Pace Agent Unhealthy — Config Full Sync Failure Due to Corfu StreamingExceptions
search cancel

Pace Agent Unhealthy — Config Full Sync Failure Due to Corfu StreamingExceptions

book

Article ID: 435813

calendar_today

Updated On:

Products

VMware vDefend Firewall with Advanced Threat Prevention

Issue/Introduction

The Policy Pace Agent, within the NSX Manager, is responsible for streaming NSX configuration state to the Security Services Platform (SSP). This process encompasses two phases: an initial full sync (bulk replication of all current config objects) followed by delta streaming (incremental change propagation).

 

Environment

NSX, SSP 

Cause

Due to larger NSX configuration corpus or infra slowness, the full sync phase can take unusually high time ( more than 20 minutes). Because of this delayed full sync process, Corfu streaming session may timeout and raise a StreamingException. This exception is unrecoverable within the current session, and hence the Pace Agent transitions to an unhealthy state, aborts the in-progress full sync. It does get restarted after sometime, but fails with same reason and agent goes into loop of full syncs.

Resolution

Prerequisites

Before applying any of the remediations below, identify the leader node for the Intelligence Agent service. All configuration API calls must invoke on the the leader node. 

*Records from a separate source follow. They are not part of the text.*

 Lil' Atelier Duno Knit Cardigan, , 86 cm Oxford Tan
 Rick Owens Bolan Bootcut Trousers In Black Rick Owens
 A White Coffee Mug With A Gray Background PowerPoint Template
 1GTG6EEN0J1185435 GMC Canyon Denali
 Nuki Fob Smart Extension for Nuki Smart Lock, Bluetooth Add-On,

Identify the Intelligence Agent leader: 

Run the below commad from NSX manager cli

 su admin -c "get cluster status verbose" | grep 'INTELLIGENCE_AGENT_SERVICE'

Example output:

 
INTELLIGENCE_AGENT_SERVICE - - b3870142-bc15-eb87-549c-XXXXXXXXXXXX 24484

The UUID field ( b3870142-bc15-eb87-549c-XXXXXXXXXXXX ) is the node ID of the leader. Resolve this to an IP address via your cluster node mapping and use that IP for all subsequent API calls.

Remediation

1. Enable Advanced Streaming

Applicability

NSX 4.2.3 only (NSX 4.2.4+ and 9.x have advanced streaming enabled by default; this step is a no-op on those versions.)

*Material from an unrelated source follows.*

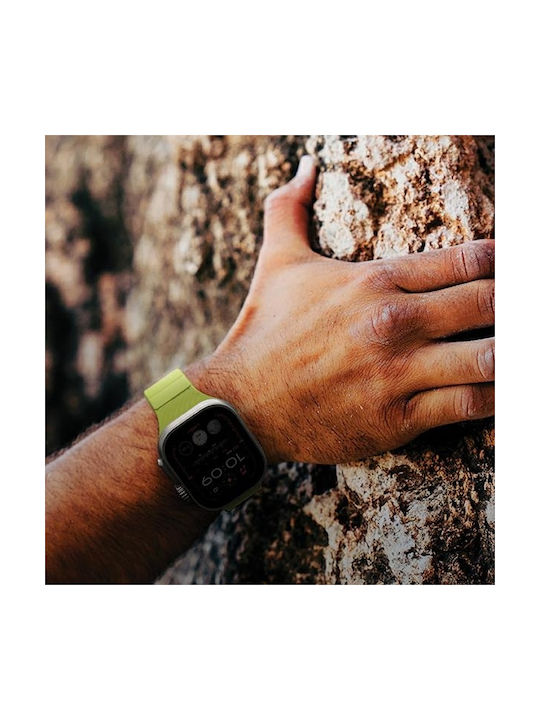 Uniq Λουράκι Ανοξείδωτο Ατσάλι με Pin Πορτοκαλί (Apple Watch 44/45/46mm/Ultra 49mm)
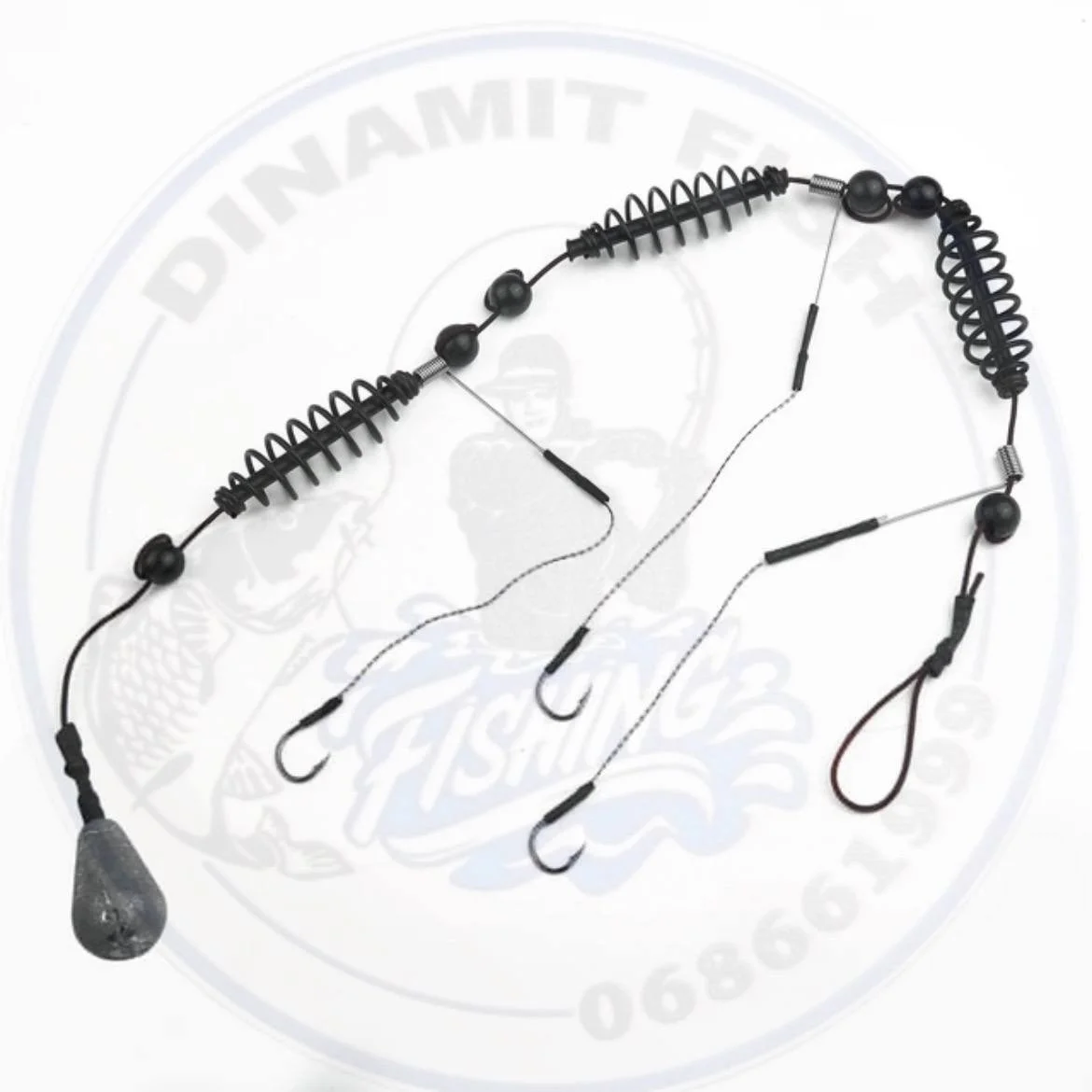 Montura Caras/Carp 3 cârlige+greutate 35g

Apply on the Intelligence Agent leader node

 
PATCH https://<intelligence-agent-leader-nsx-ip>/policy/api/v1/system-config Content-Type: application/json { "keyValuePairs": [ { "key": "paceagent.advance.fullstreaming.enabled", "value": "true" }, { "key": "paceagent.advance.deltastreaming.enabled", "value": "true" } ] }

This setting is persistent and does not need to be reverted.

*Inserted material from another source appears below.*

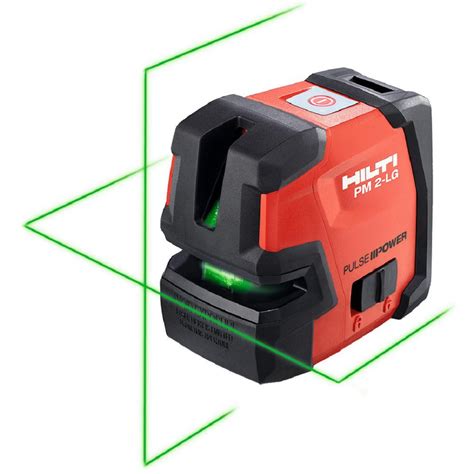 Hilti 66 ft. PM 2-LG Green Beam Line Laser Level with (2) AA Batteries ...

2a. Relax Kafka Producer Acknowledgement Requirements

Applicability

NSX 4.2.3+, 9.0.2, 9.1+
(For earlier versions, see 2b below)


By default, the Kafka producer in the Pace Agent communication service is configured with acks=all, requiring acknowledgement from all in-sync replicas (ISR) before a produce request is considered committed. Under high-throughput replication, this introduces per-message round-trip latency that accumulates over the duration of a full sync and contributes to Corfu session timeout.
Setting relax.kafka.producer.acks=true downgrades the producer acknowledgement to acks=1 (leader-only ack), substantially reducing per-message write latency and overall sync duration.

Warning: This is a temporary mitigation. Relaxed producer acks reduces durability guarantees. If the Kafka leader fails mid-sync, acknowledged messages may be lost, requiring a re-sync. Revert this setting immediately once the Pace Agent returns to healthy state and config sync is confirmed complete.

Apply on the Intelligence Agent leader node

 
PATCH https://<intelligence-agent-leader-ip>/policy/api/v1/system-config Content-Type: application/json { "keyValuePairs": [ { "key": "paceagent.communicationservice.relax.kafka.producer.acks", "value": "true" } ] }

Revert after sync completes

 
PATCH https://<intelligence-agent-leader-ip>/policy/api/v1/system-config Content-Type: application/json { "keyValuePairs": [ { "key": "paceagent.communicationservice.relax.kafka.producer.acks", "value": "false" } ] }


2b. Relax Kafka Topic Replication Constraints (For earlier NSX Versions)

Applicability

NSX 4.2.0, 4.2.1, 4.2.2, 9.0.0, 9.0.1

For versions that do not support the producer acks config via the system-config API, equivalent durability relaxation can be achieved by reducing min.insync.replicas on the relevant Kafka topics.
Please contact Broadcom Technical Support to assist you in safely executing this mitigation step.

Note : 2b has kafka CLI command which should be executed under supervision of support team.

Recovery Verification

After applying the applicable mitigations, monitor Pace Agent health and config sync progress in the SSP UI.

  1. Sign in to SSP.
  2. Go to System → NSX Managers.
  3. Open the NSX Manager instance that was unhealthy or out of sync.
  4. Confirm Readiness is Ready.

Note: Readiness can take 30 minutes to 2 hours to turn Ready, depending on NSX configuration size, cluster load etc.